**Your assignment:** Lines where the string "with" appears are to be copied from the entries below.

**Dataset entries:**
• • •

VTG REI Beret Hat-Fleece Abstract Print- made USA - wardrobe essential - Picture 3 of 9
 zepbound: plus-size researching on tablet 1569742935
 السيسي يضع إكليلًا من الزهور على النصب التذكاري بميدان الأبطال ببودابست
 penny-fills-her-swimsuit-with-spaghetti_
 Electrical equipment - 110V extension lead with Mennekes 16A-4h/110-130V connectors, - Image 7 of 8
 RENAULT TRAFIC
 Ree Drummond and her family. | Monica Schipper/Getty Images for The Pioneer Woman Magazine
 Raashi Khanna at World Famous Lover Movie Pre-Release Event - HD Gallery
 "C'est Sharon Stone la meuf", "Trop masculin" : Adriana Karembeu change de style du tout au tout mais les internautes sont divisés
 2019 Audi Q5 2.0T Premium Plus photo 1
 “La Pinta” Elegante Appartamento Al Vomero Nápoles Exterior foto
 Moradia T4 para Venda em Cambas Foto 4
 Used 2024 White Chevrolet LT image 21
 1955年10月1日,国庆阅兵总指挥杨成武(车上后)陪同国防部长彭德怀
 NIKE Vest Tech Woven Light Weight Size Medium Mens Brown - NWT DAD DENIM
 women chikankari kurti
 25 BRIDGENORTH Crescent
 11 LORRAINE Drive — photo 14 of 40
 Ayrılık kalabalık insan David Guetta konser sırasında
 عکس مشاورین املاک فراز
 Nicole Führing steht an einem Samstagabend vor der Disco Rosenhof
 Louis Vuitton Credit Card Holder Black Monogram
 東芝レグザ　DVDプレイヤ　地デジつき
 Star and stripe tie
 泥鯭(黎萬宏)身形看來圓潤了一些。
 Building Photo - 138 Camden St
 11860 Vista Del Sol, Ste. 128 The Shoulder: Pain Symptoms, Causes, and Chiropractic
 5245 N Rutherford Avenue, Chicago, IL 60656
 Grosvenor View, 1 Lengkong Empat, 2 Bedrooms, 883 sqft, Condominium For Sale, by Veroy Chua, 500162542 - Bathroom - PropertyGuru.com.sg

• • •

**Result of the task:**
 penny-fills-her-swimsuit-with-spaghetti_
 Electrical equipment - 110V extension lead with Mennekes 16A-4h/110-130V connectors, - Image 7 of 8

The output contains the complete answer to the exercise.